- Title card
- Genre: Music chart Variety show
- Developed by: Myx
- Presented by: Various Myx video jockeys
- Country of origin: Philippines
- Original languages: English Filipino

Production
- Running time: 60 minutes

Original release
- Network: Myx Global
- Release: February 14, 2002 – August 18, 2025

= Myx Daily Top 10 =

Music chart program of Myx

Myx Daily Top 10 (also known as Myx Daily Top Ten) is a long-running music chart program broadcast by Myx Global. Premiered on February 14, 2002, the show features a daily countdown of the ten most popular local and international music videos as voted by fans through official Myx's official website.

From September 1, 2025 to June 2026, Myx Daily Top 10 was incorporated as a segment of Myx Now as it ceased airing as a standalone television show on August 18, 2025.

==Overview==
Myx Daily Top 10 premiered on February 14, 2002 and serves as a daily countdown of the ten most popular music videos in the Philippines, determined by fan votes across various digital platforms. The program is hosted by various Myx VJs, who present the daily rankings and provide artist trivia to the viewers.

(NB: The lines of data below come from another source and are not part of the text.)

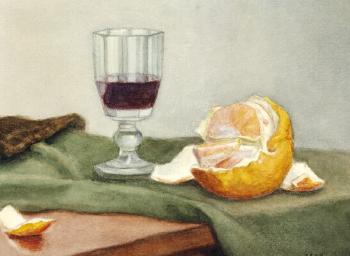 Still life with glass with red wine and a peeled orange on a green cloth on a table by 
																			Vilhelm Hammershoi
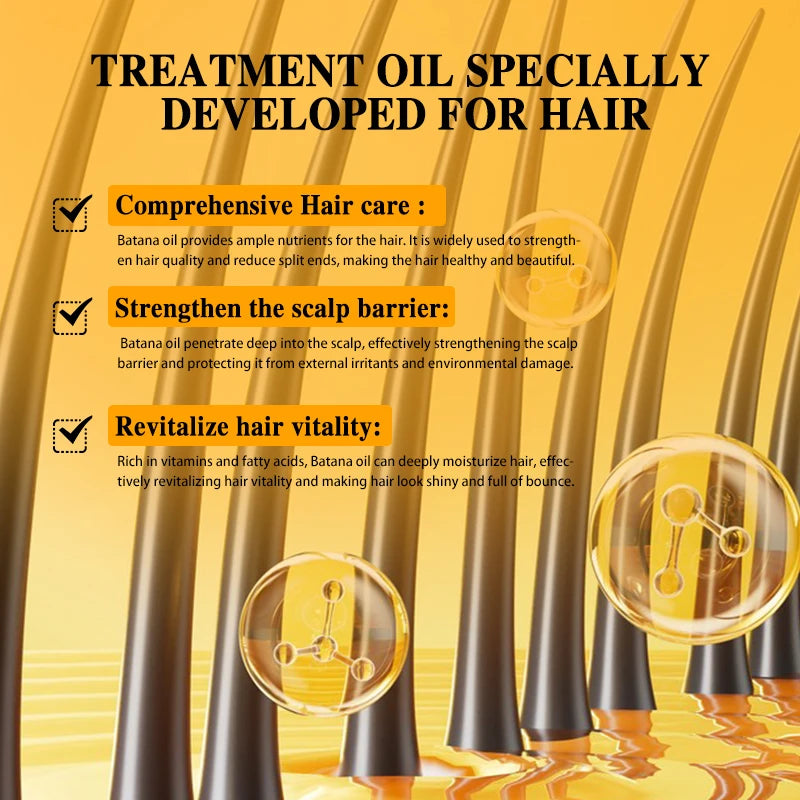 Batana Oil Hair Growth Kit Hair Strengthen Repair Split Ends Damage Increase Hair Thickness Smoothness Dense Hair Essential Oil
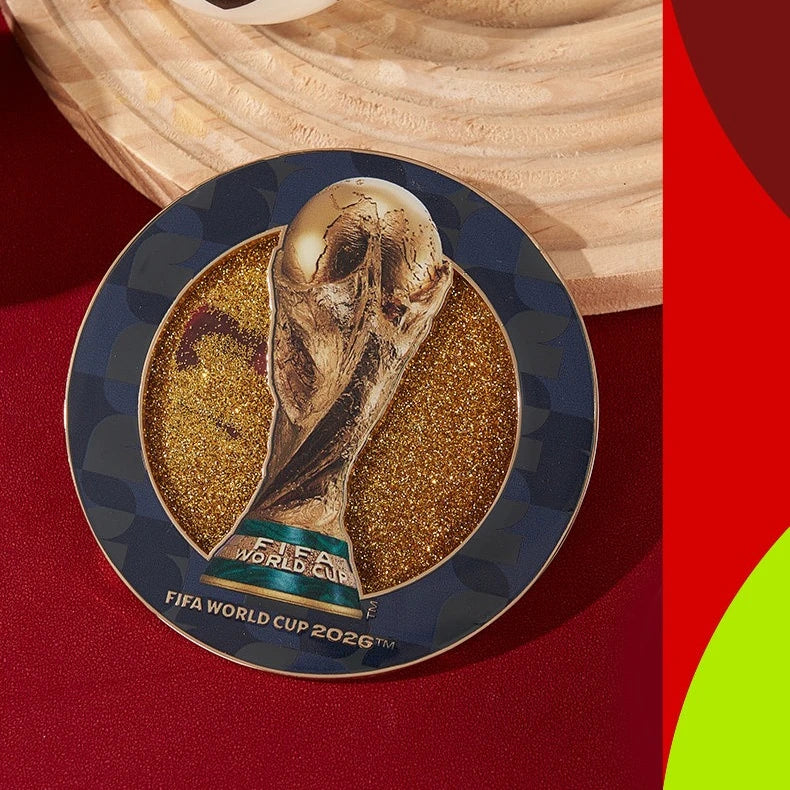 FIFA 2026 World Cup Metal Quicksand Coaster & Magnet - Unique Gift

The program has featured numerous hit songs that have topped the chart for several consecutive weeks, serving as a measure of an artist's popularity in the Philippine music industry.

On July 29, 2016, Myx Daily Top 10 aired its final episode to make way for its two new editions, Myx Daily Top 10 International Edition and Myx Daily Top 10 Pinoy Edition, which premiered on August 1, 2016. On December 31, 2018, both editions aired their final episodes, with Myx Daily Top 10 returning on January 1, 2019.

===Transition and discontinuation===

On August 18, 2025, the program ceased airing as a standalone television show and was incorporated as a segment of Myx Now, which was premiered on September 1, 2025, where the countdown continues to be featured alongside other music and pop culture content. The chart remains active online, with viewers still able to vote and access the daily rankings through the official Myx Global website.

During the first week of July 2026, viewers noted that the music chart listings, including the online chart listings of Myx International Top 20, Pinoy Myx Countdown, and Myx Hit Chart, had been removed from the Myx Global website. By the release of the network's June 29–July 5 programming schedule, no standalone Myx chart programs remained on the channel's lineup, marking the complete disappearance of Myx's long-running chart brand from both television and its online platform. As of July 2026, Myx had not issued an official statement regarding the programs' status.

==Editions==
The program introduced two spin-off editions, Myx Daily Top 10 International Edition and Myx Daily Top 10 Pinoy Edition, both of which premiered on August 1, 2016 after the original Myx Daily Top 10 aired its final episode on July 29, 2016. The International Edition featured international music videos, while the Pinoy Edition focused on Filipino music videos. Both editions concluded on December 31, 2018, after which the original Myx Daily Top 10 returned on January 1, 2019.

==Video jockeys==
Myx Daily Top 10 is typically presented by the channel's mainstay (regular) video jockeys (VJs), including VJ Robbie, VJ Ella, and VJ Ozzie.